___ Data records

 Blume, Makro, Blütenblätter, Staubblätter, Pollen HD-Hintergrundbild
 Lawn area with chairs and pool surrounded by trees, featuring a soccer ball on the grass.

______
___ Data records

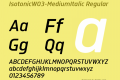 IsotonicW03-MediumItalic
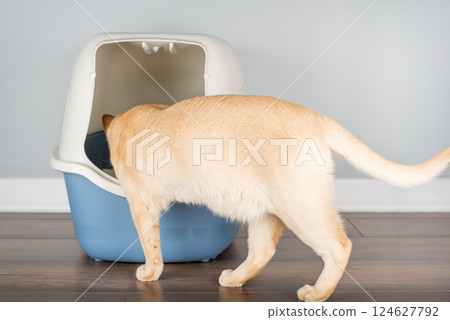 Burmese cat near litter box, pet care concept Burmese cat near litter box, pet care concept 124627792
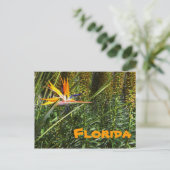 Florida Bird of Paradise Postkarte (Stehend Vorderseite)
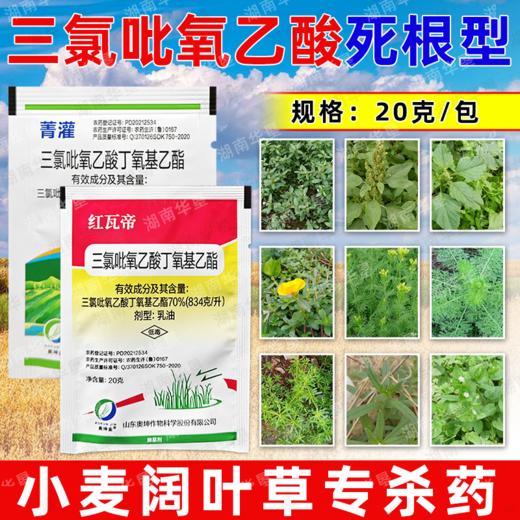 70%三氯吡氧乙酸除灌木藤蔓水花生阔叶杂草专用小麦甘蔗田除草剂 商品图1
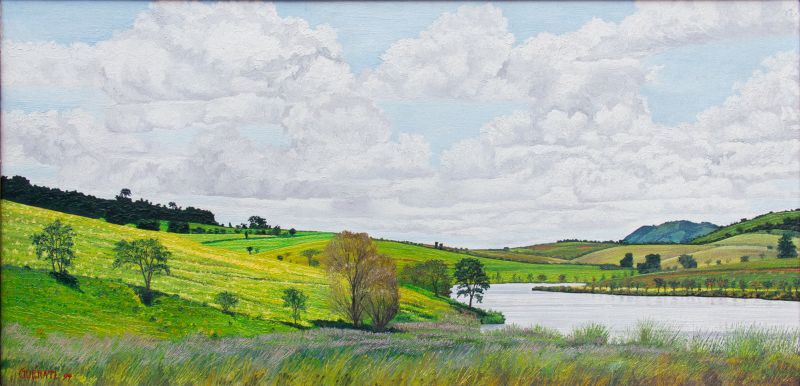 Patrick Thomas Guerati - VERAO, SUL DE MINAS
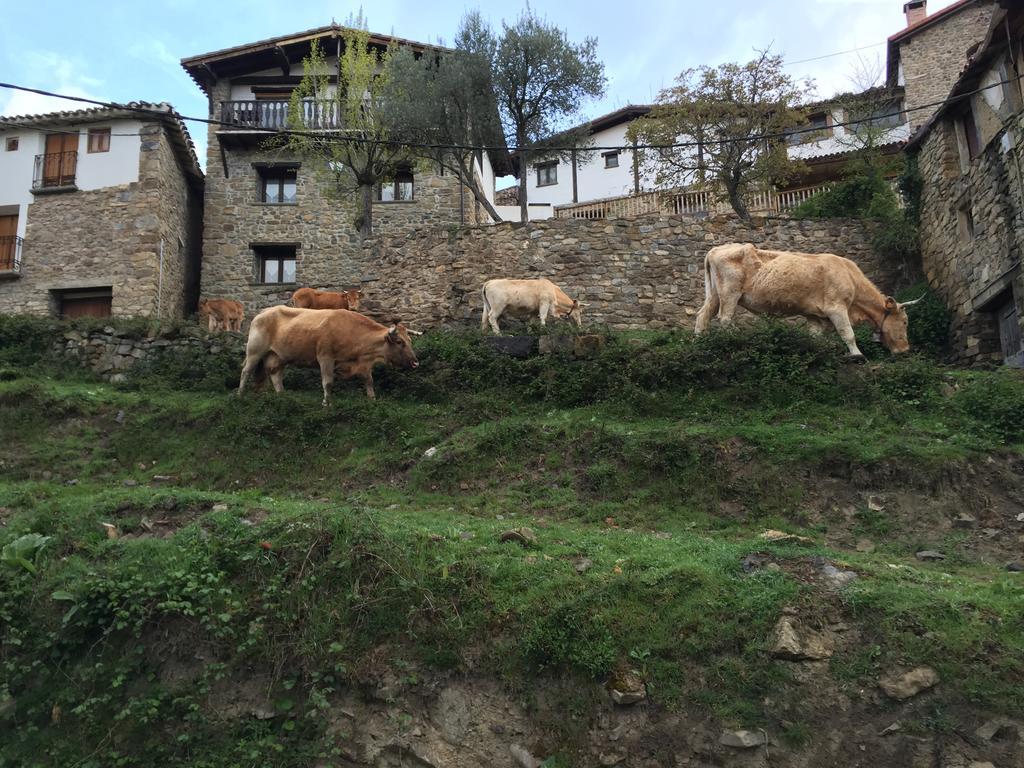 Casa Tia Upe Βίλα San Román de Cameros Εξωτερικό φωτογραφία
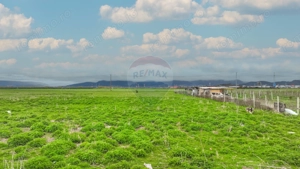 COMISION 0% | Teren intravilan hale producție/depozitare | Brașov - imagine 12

______

Task =
Leave out every picture, and copy exactly the lines above starting at the one holding "Patrick Thomas Guerati - VERAO, SUL DE MINAS" and ending at the one holding "COMISION 0% |", no more and no less.

Output of the task =
 Patrick Thomas Guerati - VERAO, SUL DE MINAS
 Casa Tia Upe Βίλα San Román de Cameros Εξωτερικό φωτογραφία
 COMISION 0% | Teren intravilan hale producție/depozitare | Brașov - imagine 12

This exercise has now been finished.